**Recorded information:**
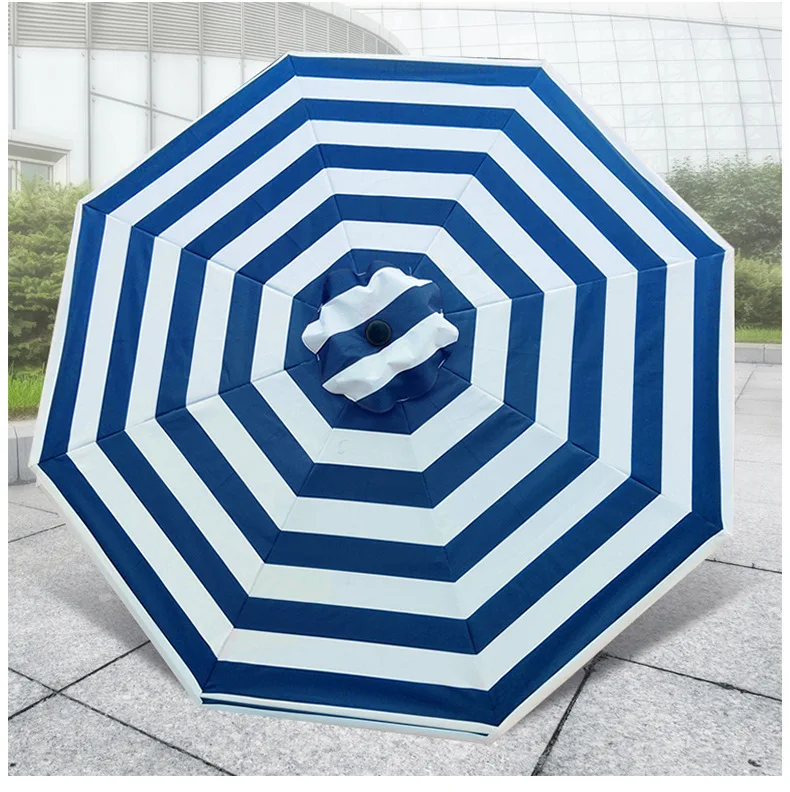 مظلة عمود حديدي مخططة بحافة قوسية ومظلة كرنك يدوية مخططة أفقية على الشاطئ مقهى الإنترنت المشاهير في الهواء الطلق المطر أ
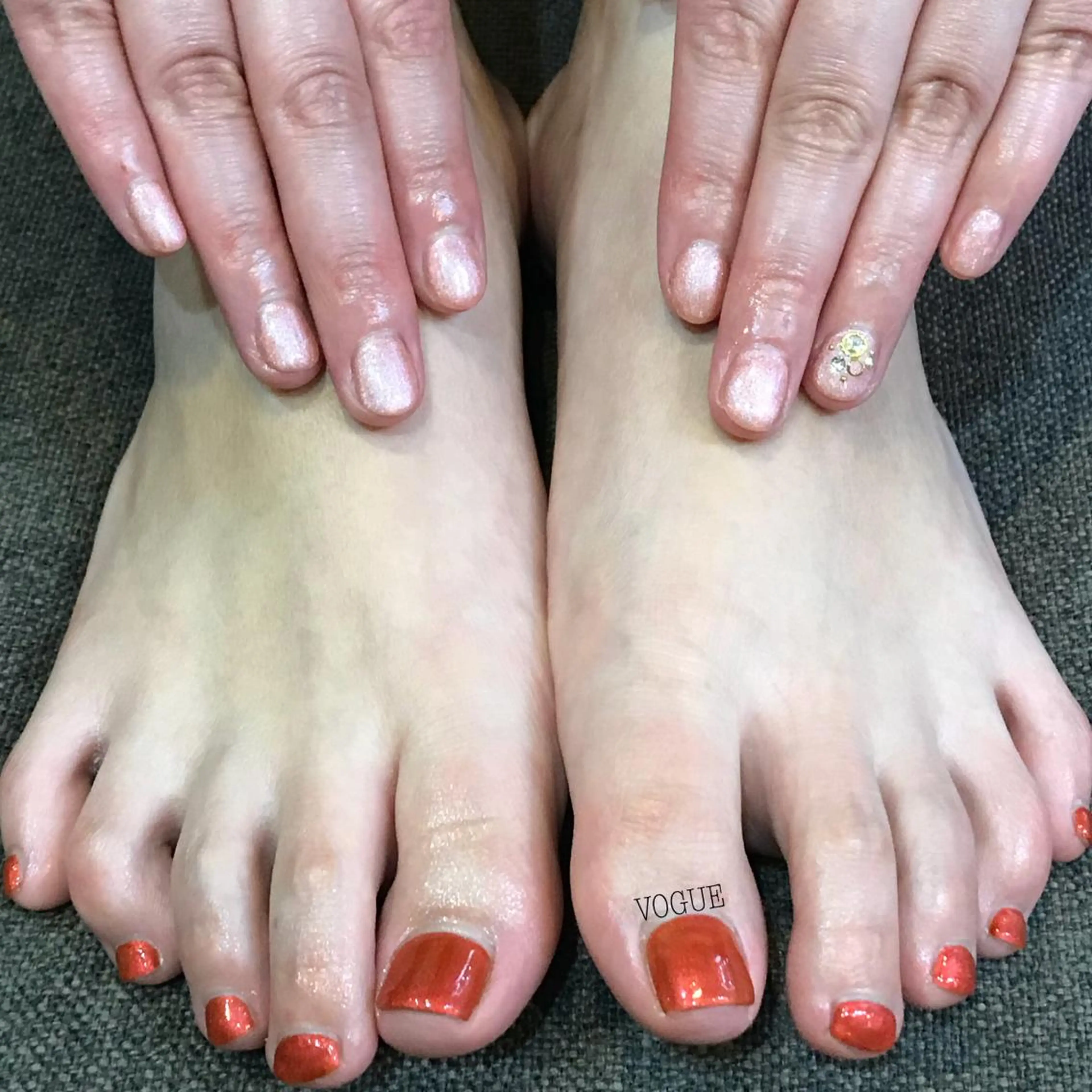 ネイル ハンドネイル VOGUE ×SWANのネイルデザイン
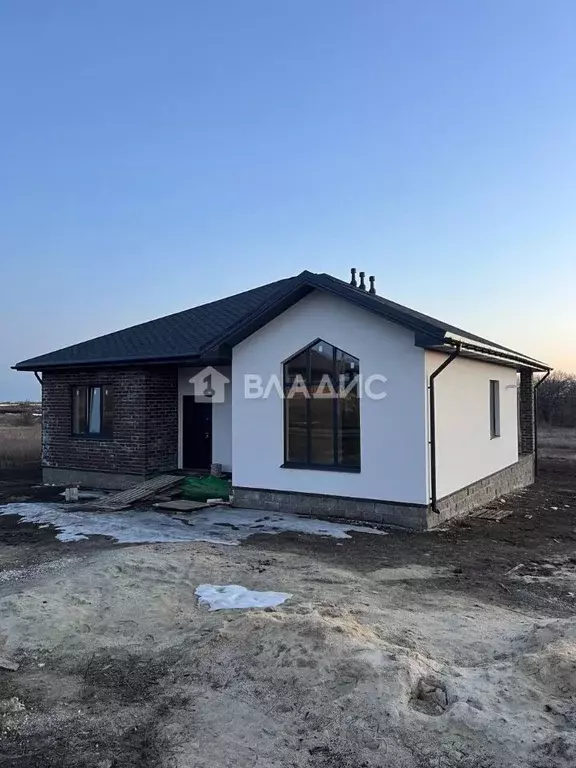 Дом в Белгородская область, Белгородский район, Дубовское с/пос, с. ... - Фото 2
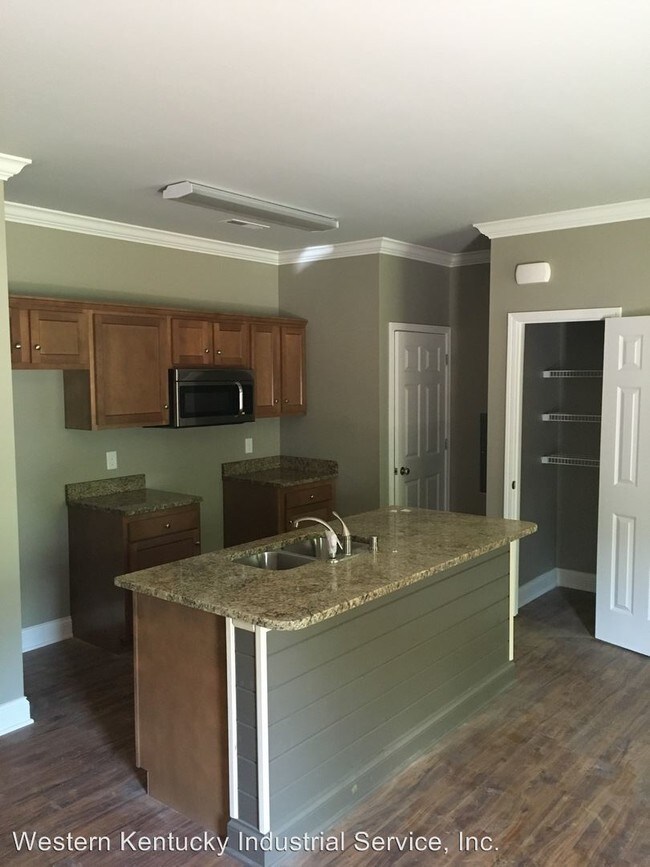 Foto del edificio - 1300 Smallhouse Rd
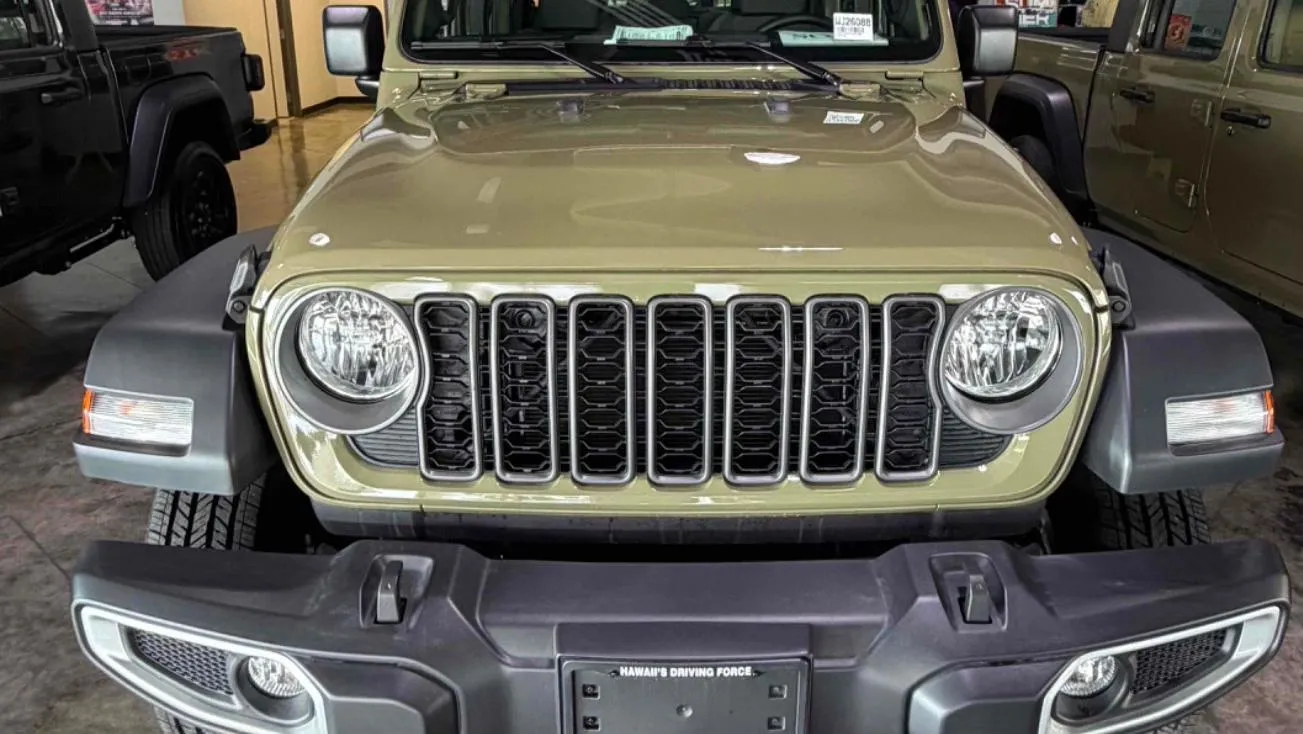 2026 Jeep Gladiator Sport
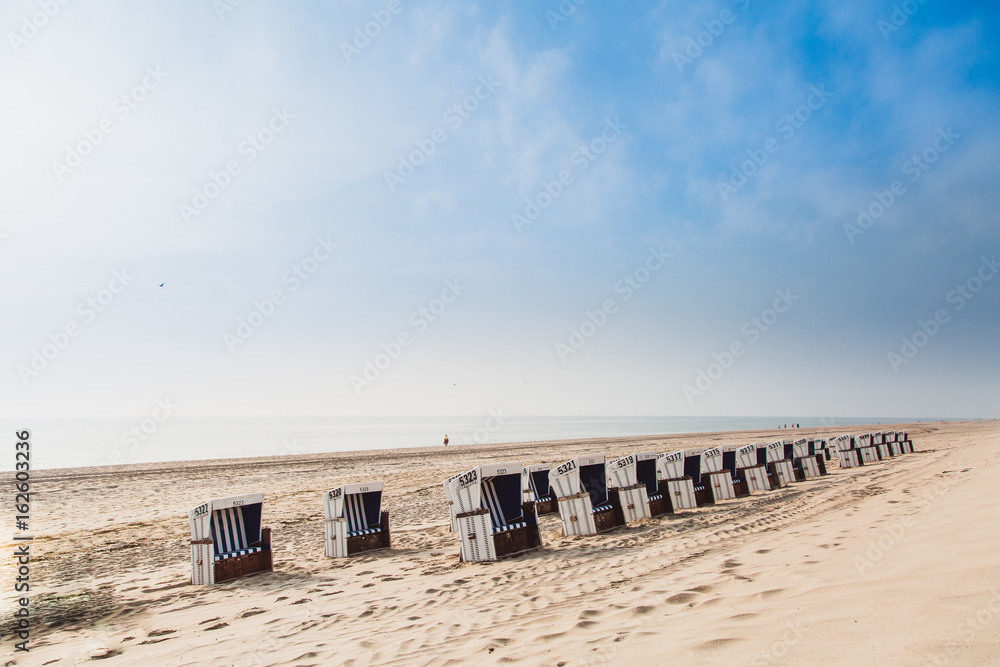 Mehrere Standkörbe am Strand auf Sylt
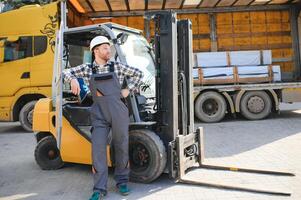 homem trabalhador às empilhadeira motorista feliz trabalhando dentro indústria fábrica logístico navio foto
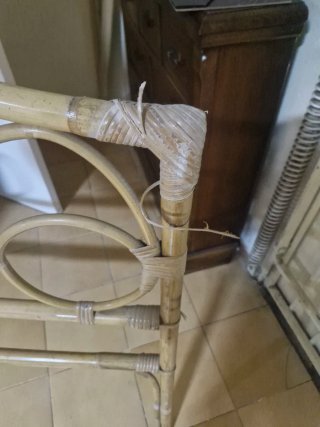 Cabecero antiguo de bambú y ratán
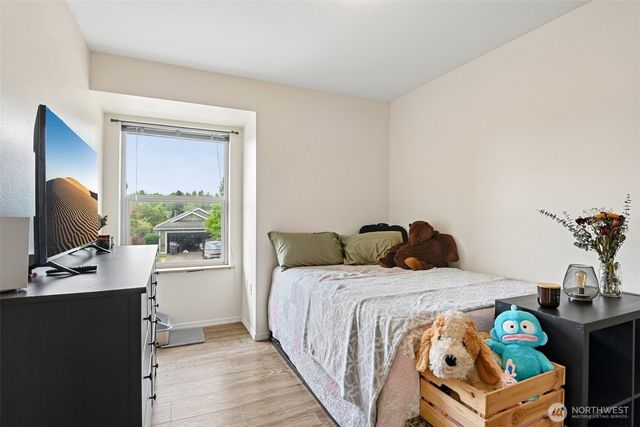 508 Eldredge Avenue NW, Orting, WA 98360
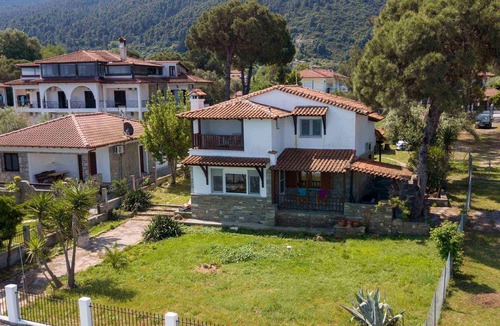 Vourvourou Villa | Docker BeachFront House by Halkidiki Villas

**Required action:** With the pictures omitted, restate word for word the lines above from the line that has "Mehrere Standkörbe am Strand auf Sylt" up to and including the line that has "508 Eldredge Avenue NW, Orting, WA 98360", and no other lines.

**Result of this exercise:**
 Mehrere Standkörbe am Strand auf Sylt
 homem trabalhador às empilhadeira motorista feliz trabalhando dentro indústria fábrica logístico navio foto
 Cabecero antiguo de bambú y ratán
 508 Eldredge Avenue NW, Orting, WA 98360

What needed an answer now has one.